L’entreprise a aussi investi 34 M$ à Truro, en Nouvelle-Écosse, pour ajouter une nouvelle ligne d’extrusion de crème glacée. L’extrusion consiste à compresser la crème glacée dans un tube, puis à l’expulser en petits blocs qui peuvent être mis sur un bâtonnet.
S’ajoute à cela des investissements de 15 M$ dans l’arrondissement montréalais de Saint-Laurent pour produire du lait premium, par exemple sans lactose ou enrichi de protéines, et de 9 M$ à l’usine de Woodstock, en Ontario, pour une machine à découper le fromage et l’automatisation de la mise en caisses. « Nos efforts d’automatisation depuis 2018 ont fait doubler la production annuelle de fromage de cette usine », précise Stéphane Le Gal, président de la Division des catégories pour le Canada.
Pour Agropur, l’objectif reste le même : consolider son leadership dans les produits laitiers à valeur ajoutée, pour lesquels il y a une très forte demande sur le marché.
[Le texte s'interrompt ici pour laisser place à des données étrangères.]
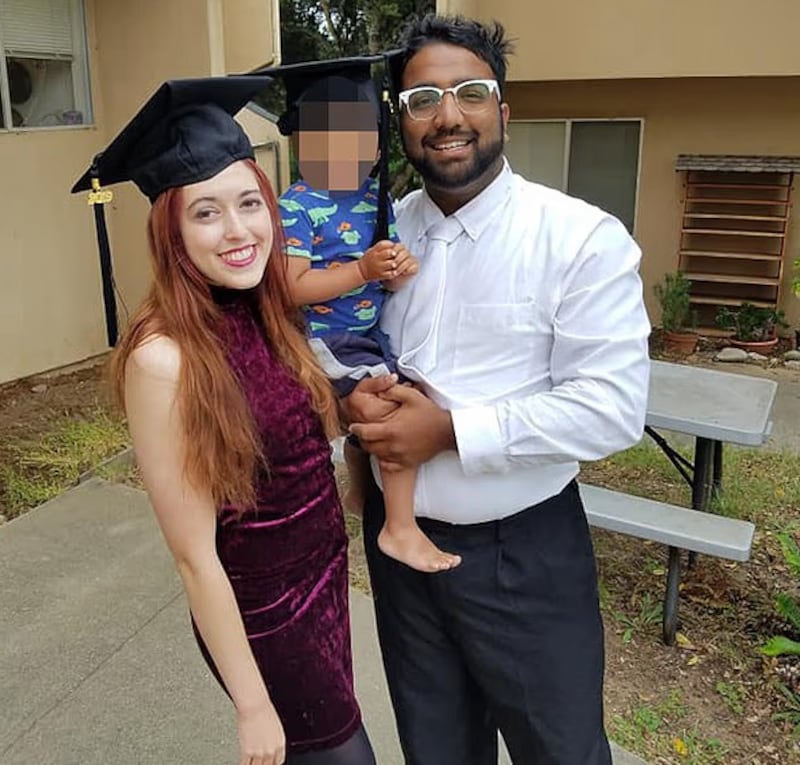 Ali y su exesposa Rachel del Castillo - Foto de la web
Cette automatisation pose des défis de gestion du changement, qui l’amène à modifier sa façon de travailler. À Woodstock, par exemple, l’entreprise instaure une culture qui fait des salariés les « propriétaires » de leur portion de la ligne de production. Ceux-ci participent activement à l’amélioration des procédés à partir de ce qu’ils vivent et observent au quotidien.
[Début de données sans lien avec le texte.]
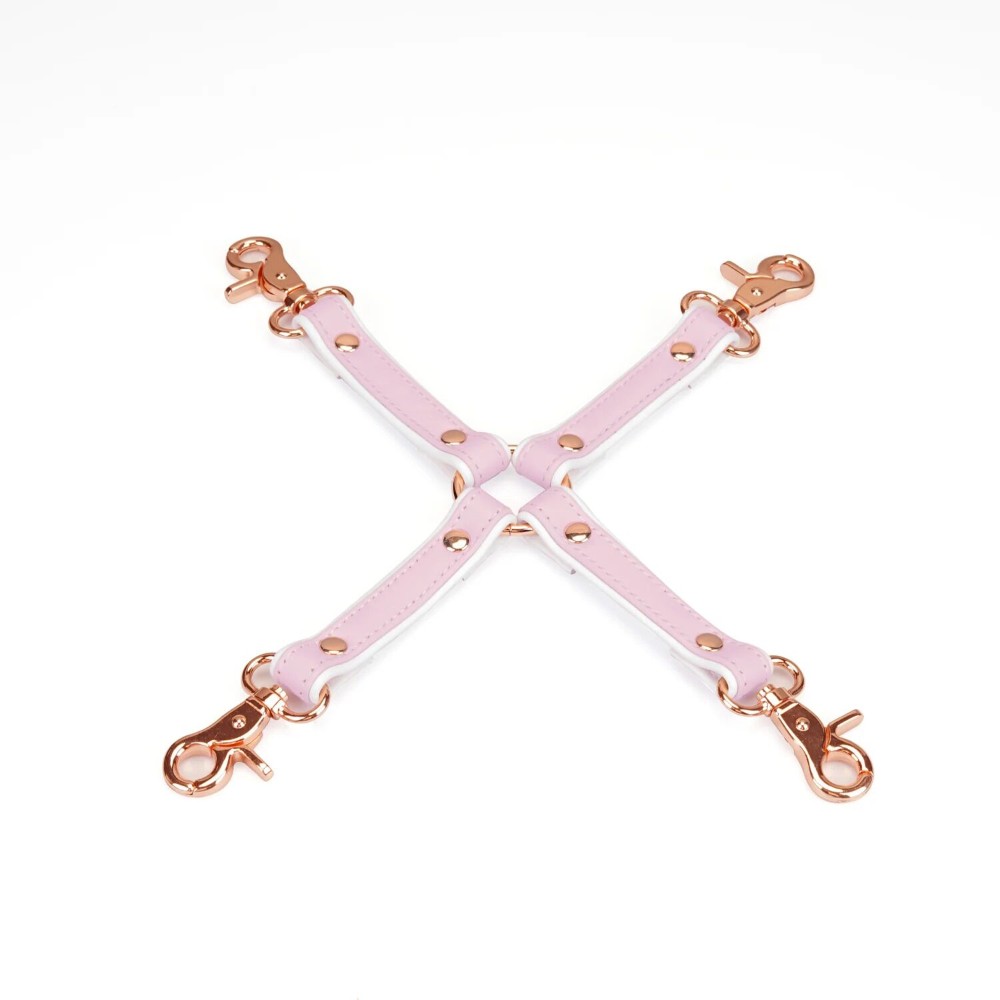 Хрестовина Liebe Seele White & Pink Leather Hogtie - зображення 1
Remplacer des travailleurs introuvables
À Nortera, on a recours à l’automatisation pour surmonter la pénurie de main-d’œuvre, particulièrement vive dans les entreprises qui offrent des boulots saisonniers. « Lorsque le taux de chômage est aussi bas qu’il l’est actuellement, les gens se trouvent plus facilement des emplois à temps plein, ce qui complique notre recrutement pour certains postes », souligne le directeur général, Daniel Vielfaure.
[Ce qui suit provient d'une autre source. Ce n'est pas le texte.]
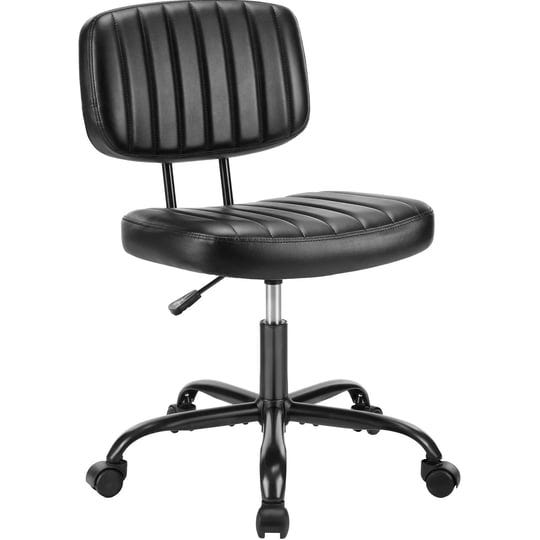 dumos-small-office-chair-armless-desk-chair-with-wheels-and-lumbar-support-height-adjustable-compute-1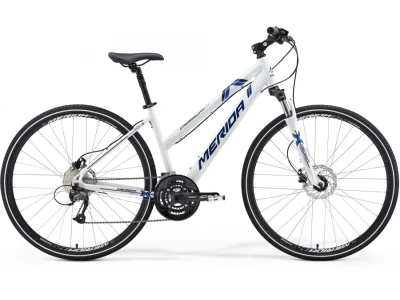 Polkupyörä Merida Crossway 40-D 50cm lady valkoinen-sininen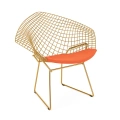 Bertoia-diamond-chair-gold plated-structure-ultrasuede-poppy-seatpad-knoll.JPG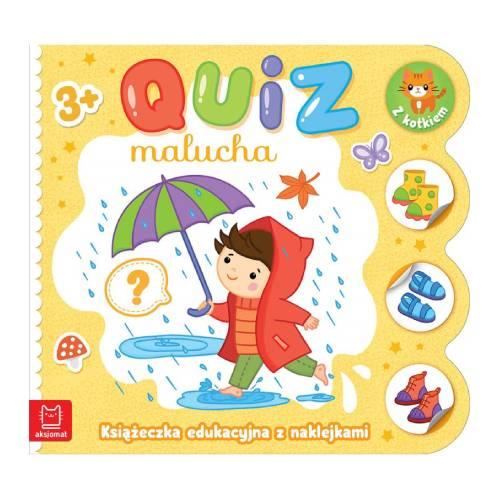 Miniaturka artykułu - AKSJOMAT Quiz Malucha. Książeczka edukacyjna z naklejkami z kotkiem 3+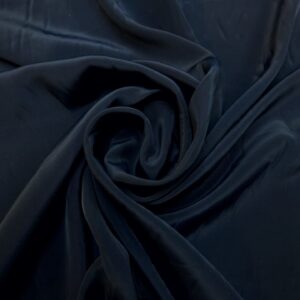 Crepe De Chine Fabric Plain Navy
L’automatisation sert donc à supprimer des postes pour certaines tâches plus répétitives et peu spécialisées, comme l’emballage, la palettisation ou la mise en boîte de sachets surgelés. « Nous effectuerons trois gros investissements cette année dans différentes usines, qui nous permettront d’éliminer tout près de 80 postes que nous n’arrivons pas à pourvoir présentement, ajoute-t-il. Nos nouveaux actionnaires ont les moyens et l’envie de nous accompagner dans ces investissements, donc stratégiquement, pour nous, c’est très intéressant. »
Rappelons que Nortera est issue du rachat, en 2021, de Bonduelle Americas Long Life par le Fonds de solidarité FTQ et la Caisse de dépôt et placement du Québec.